▶ THE DATA
Content starts
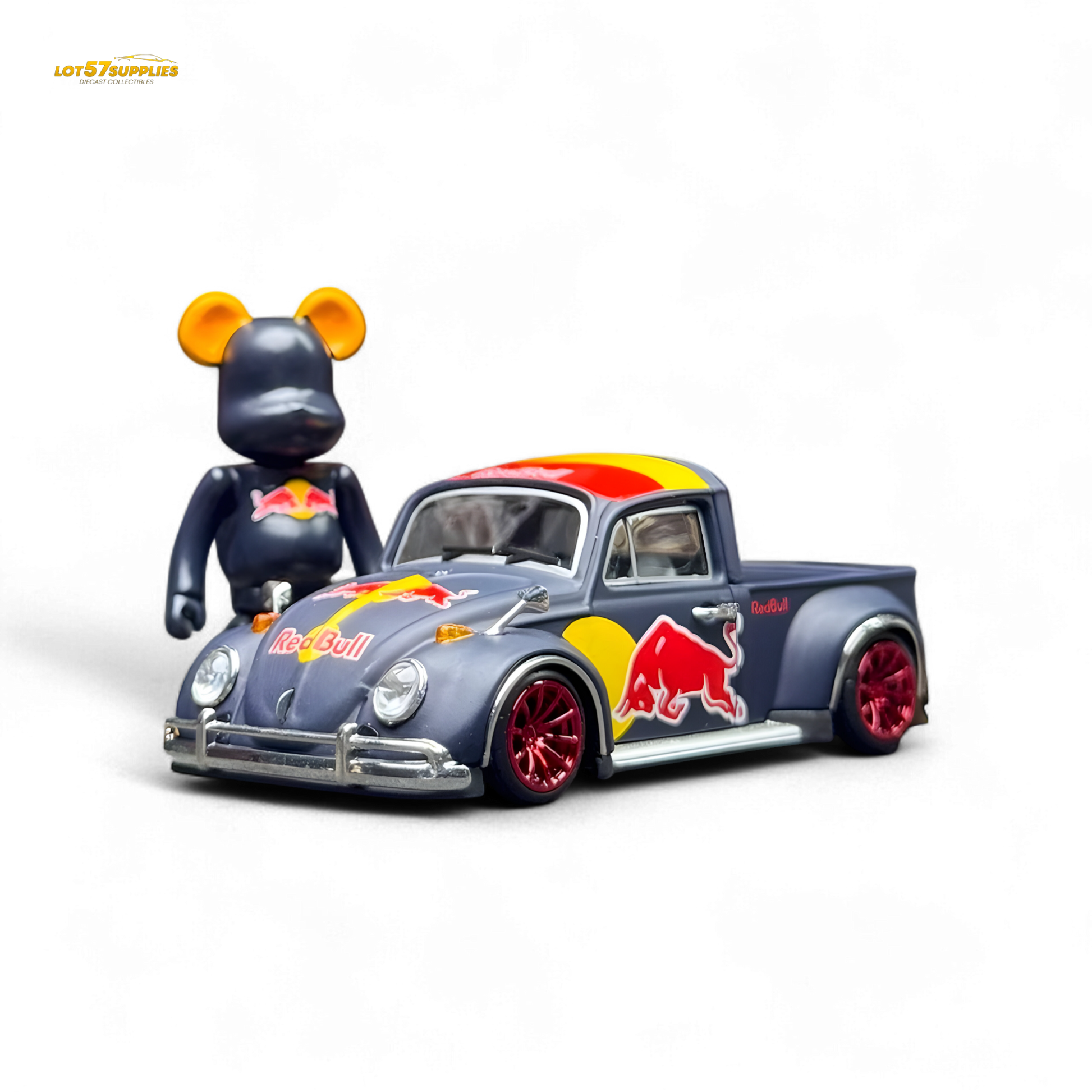Toy figure of a bear with a Red Bull-themed toy truck on a white background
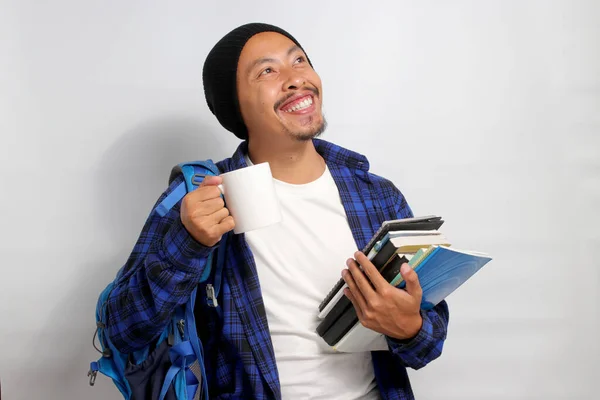 A young Asian student, dressed in casual clothes and a beanie hat, carrying a backpack and morning coffee, is prepared to study while holding books, standing against white background.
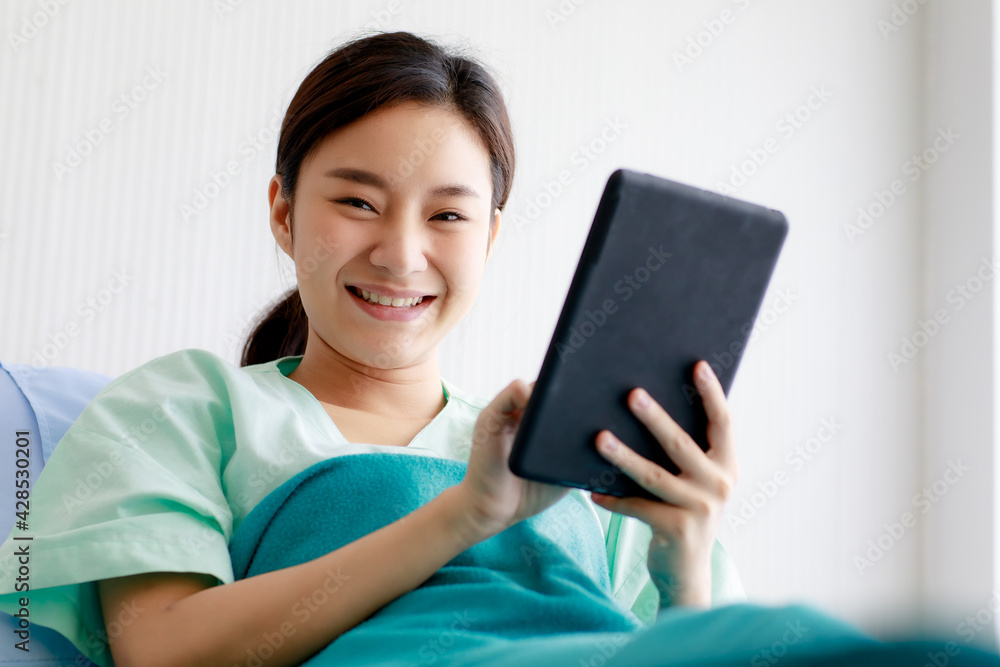 An asian young pretty female patient smiling with happiness and touching screen of tablet for online chat or communicate while lying on bed in hospital. Technology and Medical Concept. An asian young pretty female patient smiling with happiness and touching screen of tablet for online chat or communicate while lying on bed in hospital. Technology and Medical Concept.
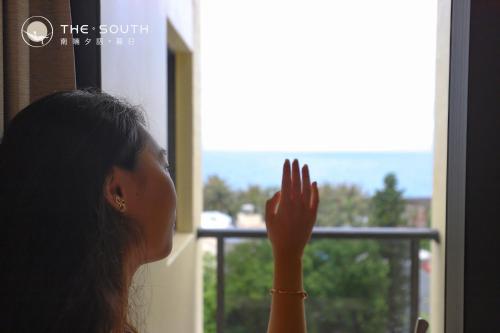 a woman looking out a window at a view at The South-Sunset in Hengchun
Content ends
▶ ACTIVITY
Return the material in full and unaltered, minus its pictures.

▶ SOLUTION FOR THIS PROBLEM
Toy figure of a bear with a Red Bull-themed toy truck on a white background
 A young Asian student, dressed in casual clothes and a beanie hat, carrying a backpack and morning coffee, is prepared to study while holding books, standing against white background.
 An asian young pretty female patient smiling with happiness and touching screen of tablet for online chat or communicate while lying on bed in hospital. Technology and Medical Concept. An asian young pretty female patient smiling with happiness and touching screen of tablet for online chat or communicate while lying on bed in hospital. Technology and Medical Concept.
 a woman looking out a window at a view at The South-Sunset in Hengchun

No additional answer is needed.